9477 Impact of Alfalfa on Biological Control of Cotton Insect Pests in New Mexico

Tuesday, January 6, 2009
Salon H (Marriott Rivercenter Hotel)
Wednesday, January 7, 2009
Salon H (Marriott Rivercenter Hotel)
Thursday, January 8, 2009
Salon H (Marriott Rivercenter Hotel)
Jane Breen Pierce and Patricia Monk, New Mexico State University, Artesia, NM
Alfalfa can be a source of beneficial arthropods for other crops.  Field trials were conducted on an experiment station and a commercial farm to evaluate the impact of hay on predation in adjacent cotton using cotton bollworm eggs from a laboratory colony.  Eggs were placed in transects to measure the impact on distance to hay and time of year in both trials.  Eggs were removed after 48 hours and examined for evidence of predation.  

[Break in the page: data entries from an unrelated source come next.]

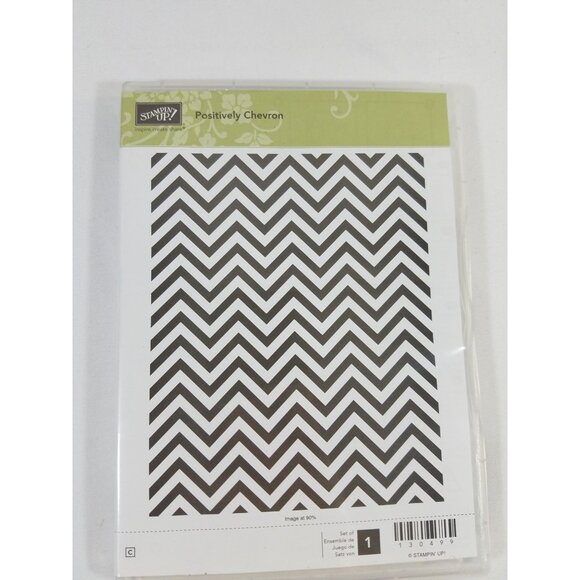 Stampin’ Up Lot Of 5 Stamp Sets Unmounted Day at the Beach Trajan Chevron Merry - Picture 14 of 16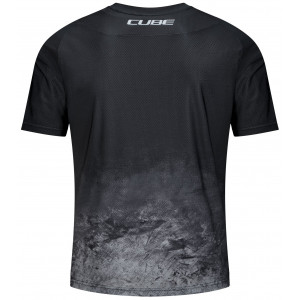 Cycling jersey Cube MTB Moonstone S/S blue'n'black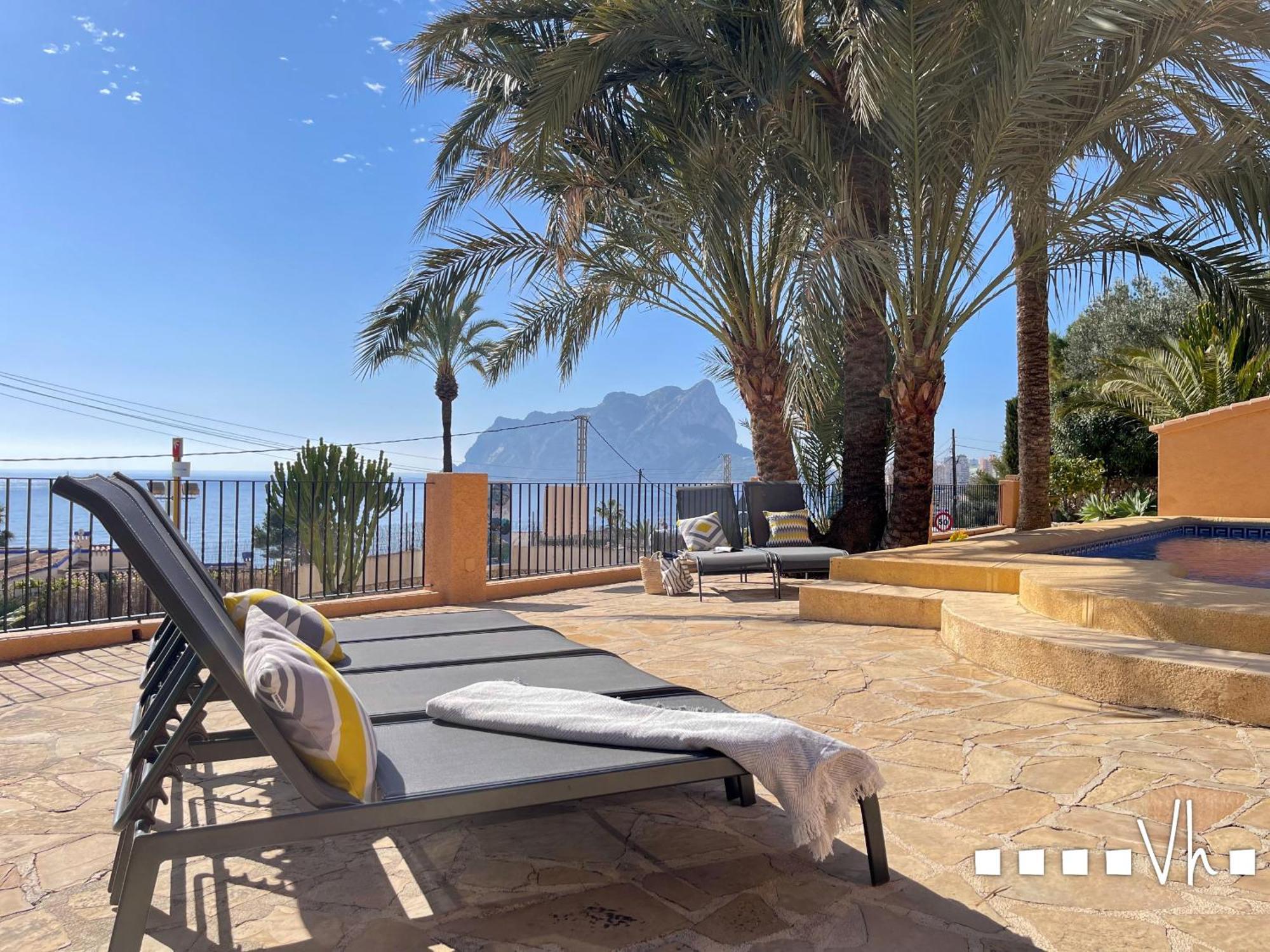 Villa Vh Costablanca - Eva Calpe Exterior foto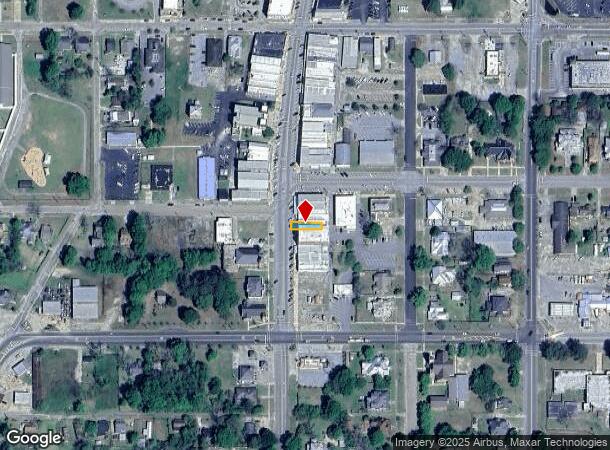  132 Prairie St N, Union Springs, AL Parcel Map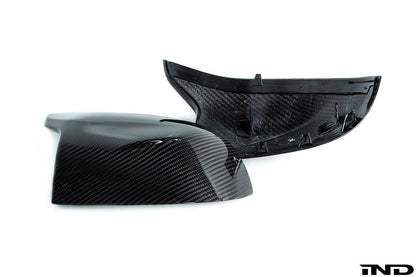 AutoTecknic F9X X3M / X4M / X5M / X6M ドライカーボンミラーカバーセット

Predation was often significantly higher in alfalfa compared to cotton.  In an experiment station trial, mean predation in alfalfa was 78% compared to 48-58% in cotton.  The primary predators were ladybug adults, nabids and various spiders.  At very high predation rates, there was little difference in predation rates between adjacent alfalfa and cotton fields with 85-97% predation in alfalfa and up to 300 feet into cotton.  However, there was significantly less predation 1000 feet into the cotton field with 67% predation on one date suggesting that close proximity may have the highest impact.   After cutting and cooler weather, predation rates declined in the commercial field with a mean 65% predation in alfalfa but only 28% predation in the commercial cotton field.  September also produced lower predation rates in the experiment station trial with 35% predation compared to 53-77% predation in July and August.

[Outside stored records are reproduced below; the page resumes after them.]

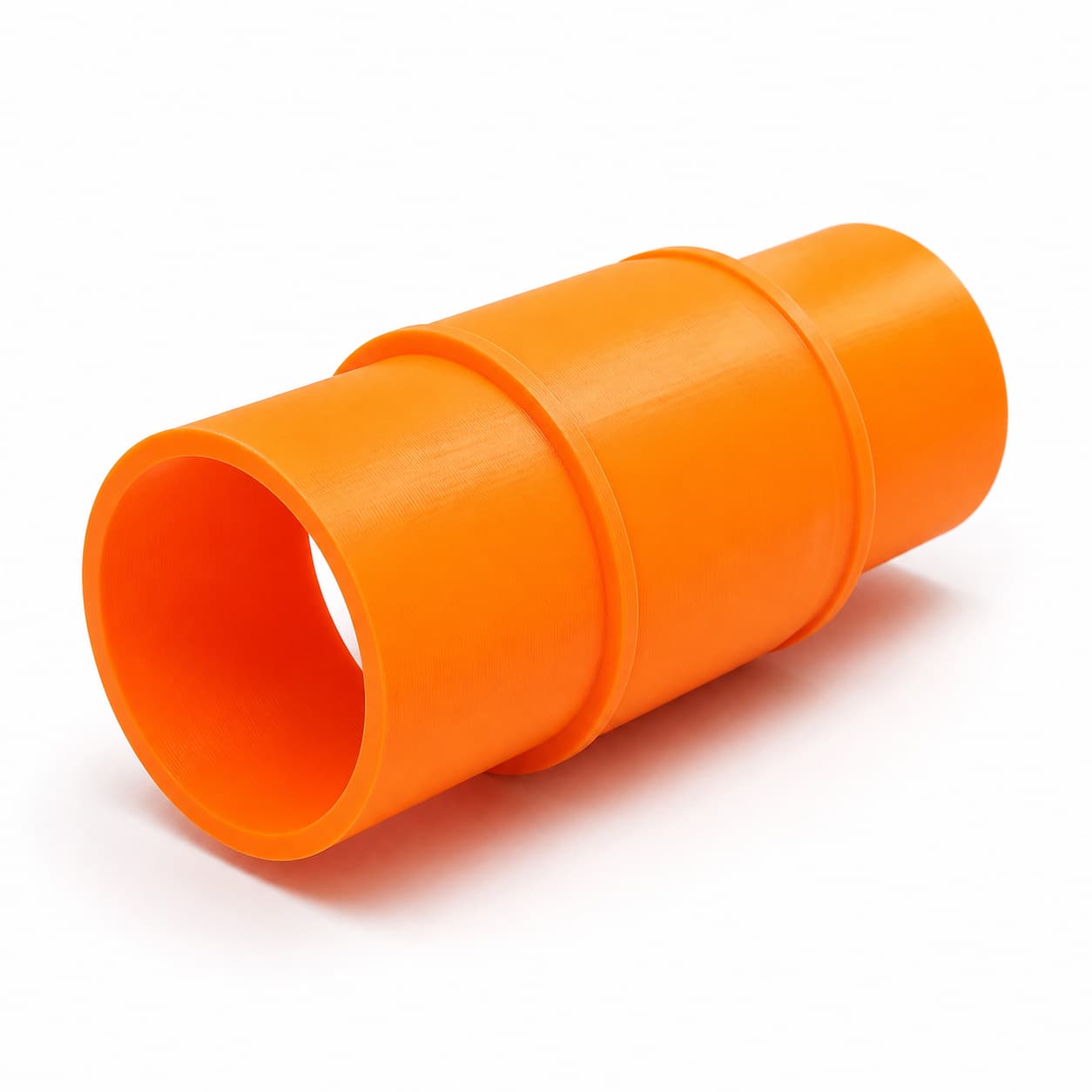A 3D printed dust adapter that fits the Milwaukee 2648-20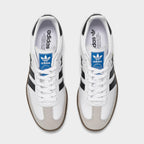 Women's adidas Originals Samba OG Crocodile Patent Leather Casual Shoes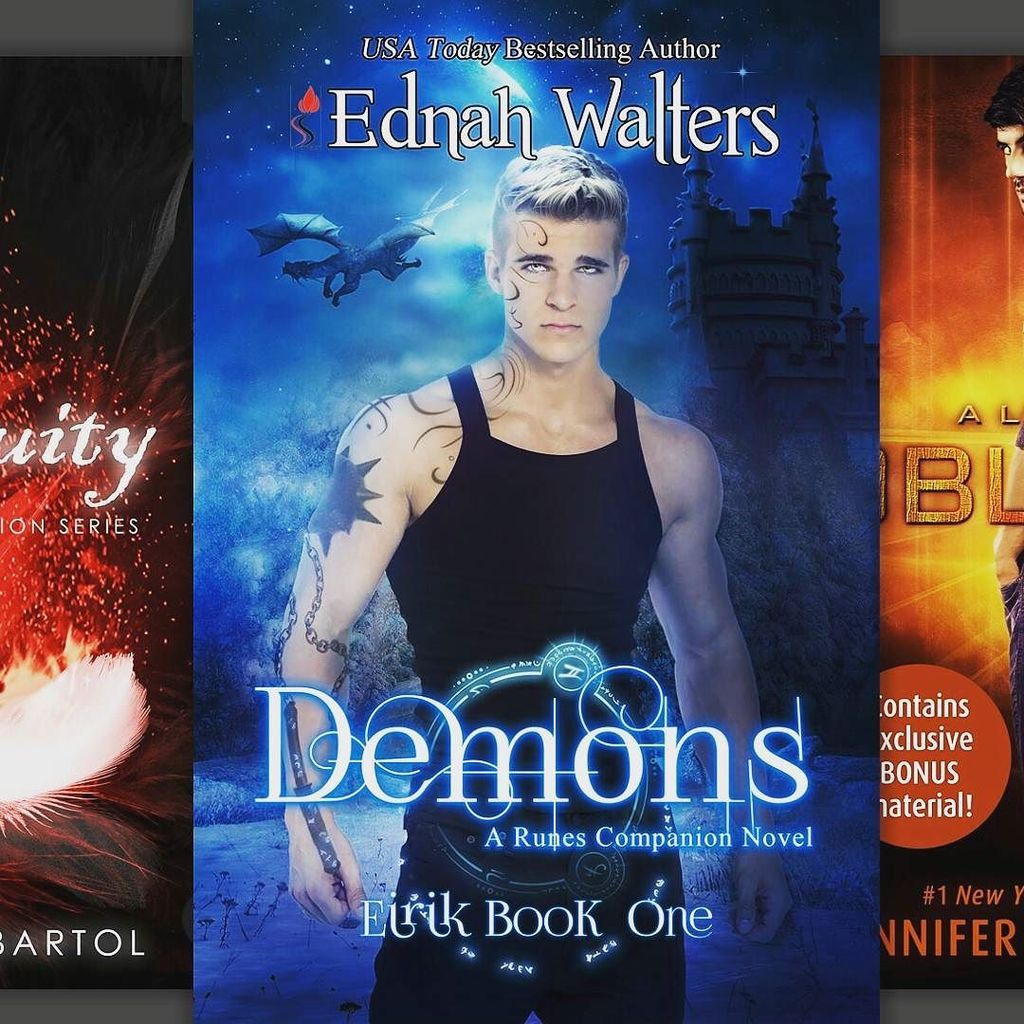 aulasnainternet's tweet photo. @crimsoncooks: I have my copy... do you?
#ednahwalters #demons #runesseries #ilovereading… https://t.co/ef7GrwqbzW https://t.co/QZjBYrLITn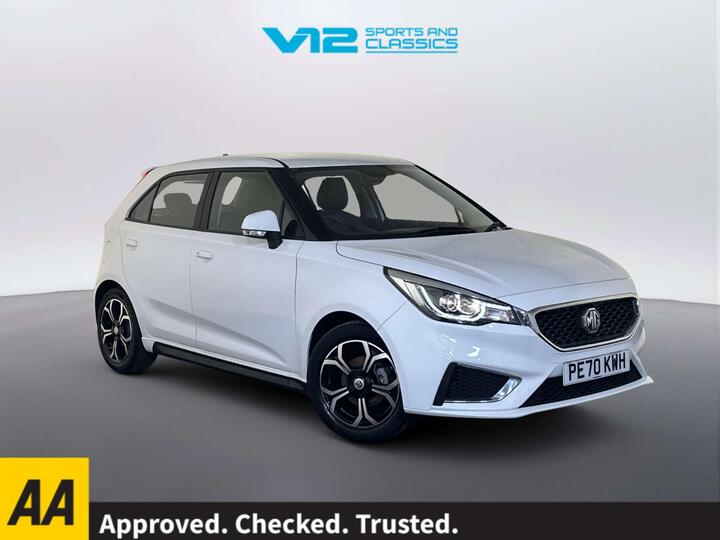 MG MG3 1.5 VTi-TECH Exclusive Euro 6 (s/s) 5dr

On the experiment farm, four transects from hay into cotton were placed on each border of a small cotton field.  Each transect was replicated four times for each of the four borders of the field.  Eggs were placed 10 feet into hay and  10, 30 and 80 feet into the cotton field.  Predation of eggs was evaluated in the laboratory. Sweep net samples were collected to identify and quantify predators in each location.  Results from that trial will be discussed.